Since the dawn of time man has looked to the stars in wonderment. From the patriarchs of the Mayan empire to Aristotle and Galileo, humans have always seen the heavens as a great unknown. In 1961, under the guidance of President John F. Kennedy, America sent an astronaut up to touch them. His vessel, the Mercury-Redstone 3, was built here in California.
A major milestone to be sure, but this wasn’t our beginning in the world of aerospace. In fact, California has been at the leading edge of this industry since its beginning. The sound barrier was broken here; the Apollo command module was built here; the Columbia space shuttle landed here after its first trip to the stars. The list goes on but suffice it to say our region and the aerospace industry are inextricably linked.
The aerospace industry has led us to prosperity by providing mortgage-paying jobs to thousands of Santa Clarita and Antelope Valley residents. It is a larger part of California’s economy than agriculture and Film & Television combined with industry average salaries over $100,000. Aerospace has led to the development of the AV from a sleepy bedroom community in the desert to a hotbed of economic activity. All this is why, now more than ever, we must ensure the industry continues to call California home.
The highly skilled workforce needed by the industry has become increasingly harder to come by. That’s why, along with Assemblyman Tom Lackey, I’ve been involved in a four-year battle to bring an aerospace institute to the this region so that we can train and educate local residents to fill the staffing needs of our biggest industry and give all Californians an avenue to career-long prosperity in the field of aerospace.
It’s taken a long time, but we’re almost there. This year, we introduced a bill – Senate Bill 1356 – to get state funding for the institute to match anticipated contributions from industry partners who call the region home and would jump at the opportunity to work with an educational institution to train the next generation of aerospace engineers.
The bill has had widespread support from industry professionals, educators and politicians on both sides of the aisle, and it’s just two stops away from the governor’s desk, closer than we’ve ever been. As we move in to the final months of this year’s legislative session we’ll be working hard every day to pass SB 1356 and make the institute a reality.
The Institute, a graduate level research facility, will provide chances for the best and brightest minds in engineering, physics, mathematics and technology to converge at the heart of the industry, working with leaders in the field while pursuing their graduate degree.
An aerospace institute will be more than just a place to learn and develop, though; it will represent our commitment to a business sector that has, for decades, committed to us here in Southern California.
California’s aerospace industry brings to our state a whopping $61.6 billion per year and employs over 500,000 people.
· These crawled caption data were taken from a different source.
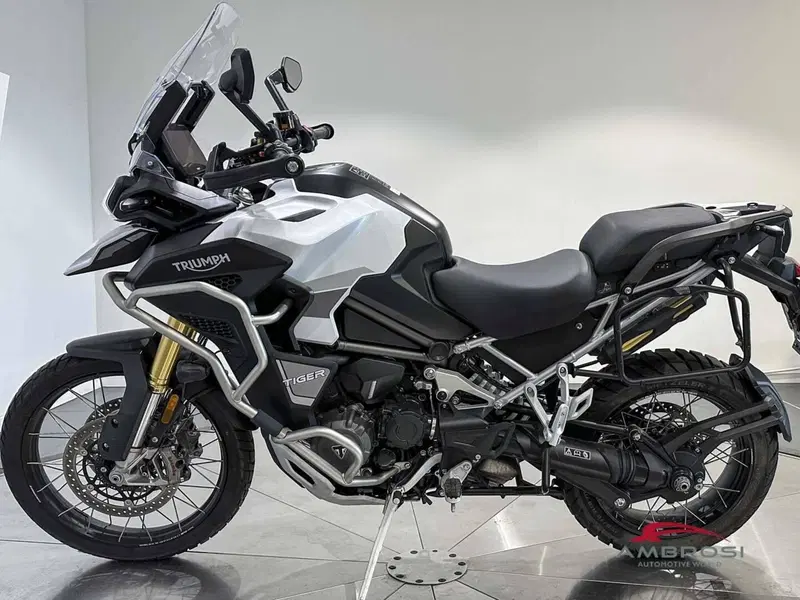 Triumph Tiger 1200 Rally Explorer (2022 - 23) (3)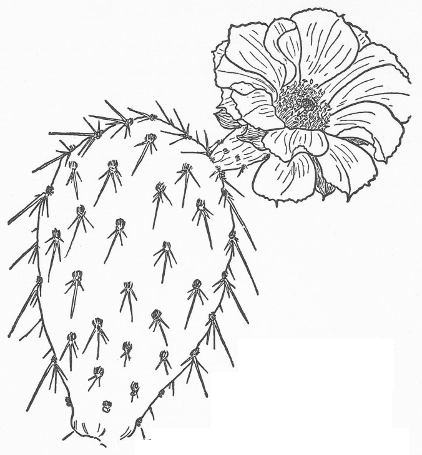 PORCUPINE PRICKLY PEAR (Opuntia hystricina)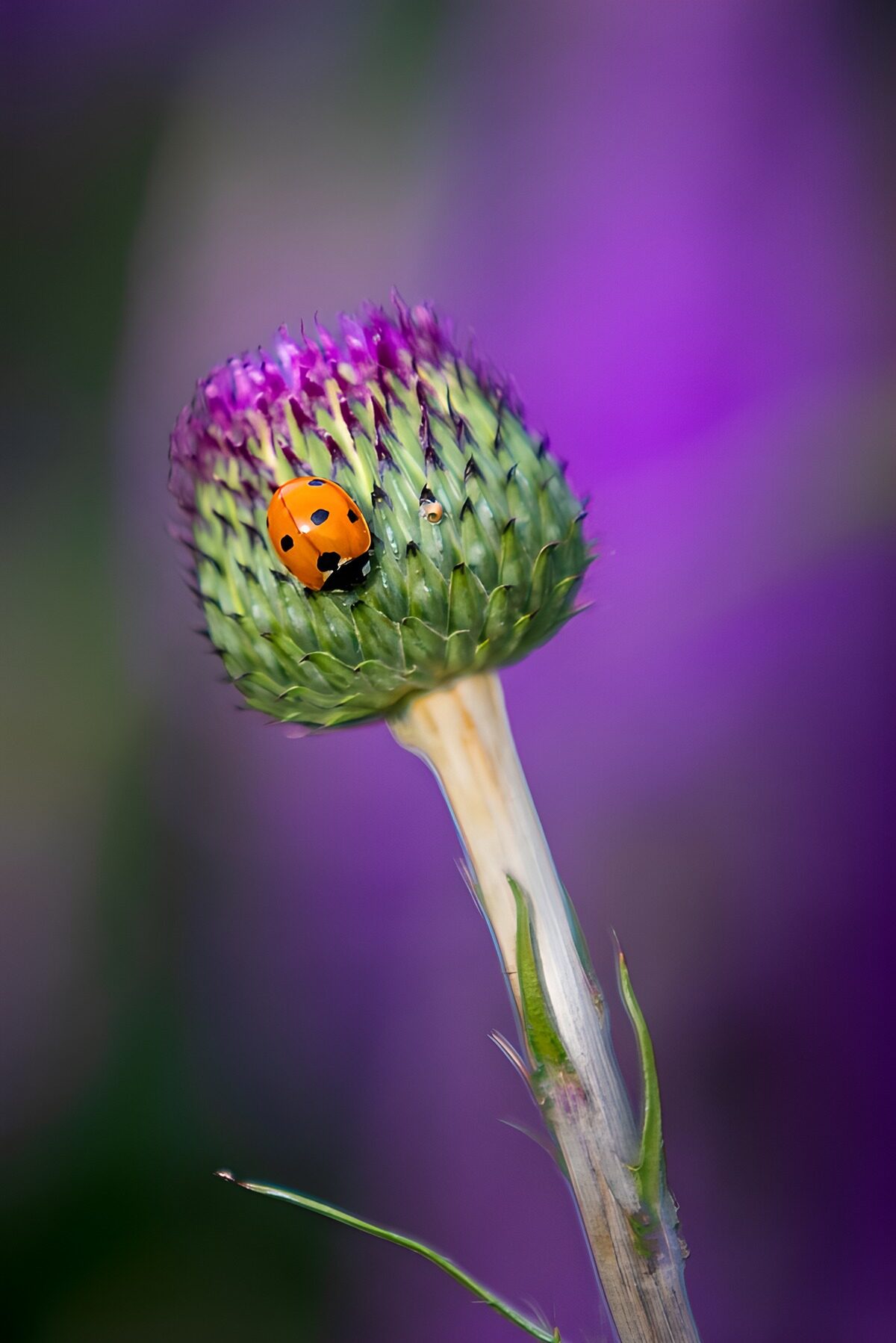 TPFR70999: Coccinelle sur bouton de fleur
The industry is a bigger economic force in the state than the entertainment and agriculture industries combined; it’s time we start valuing the sector like we do others and supplying it with the workforce it needs.
Because of our region’s historical significance in the aerospace field and its proximity to facilities and industry leaders, the area serves as the premiere locale for aerospace research, development and manufacturing. As we look to build on that potential the institute will play a key role, laying the groundwork for a prosperous and long-lasting relationship between the people of the region and the aerospace industry.
This is our chance to turn the corner from bedroom community to economic powerhouse. Much like Stanford University was able to transform Silicon Valley in the 1970s, the California Institute for Aerospace would strengthen our position as a global leader in the aerospace industry. By creating this institute we will build educational and employment opportunities here, ensuring more and more of us can learn and work close to home and cut the commute.
When aerospace does well, California does well. It’s a truly amazing industry. These brilliant professionals build things most of us barely dream of. Seemingly straight out of science fiction, companies in the region have sent men to the moon, made them go faster, higher, longer than ever before, and built defense systems that save thousands of lives on the battlefield. Along the way, they’ve invented things like kidney dialysis and L.E.D. lighting.
Let’s not lose sight of aerospace research, development and manufacturing; let’s support it, grow it and help it thrive, so we can too.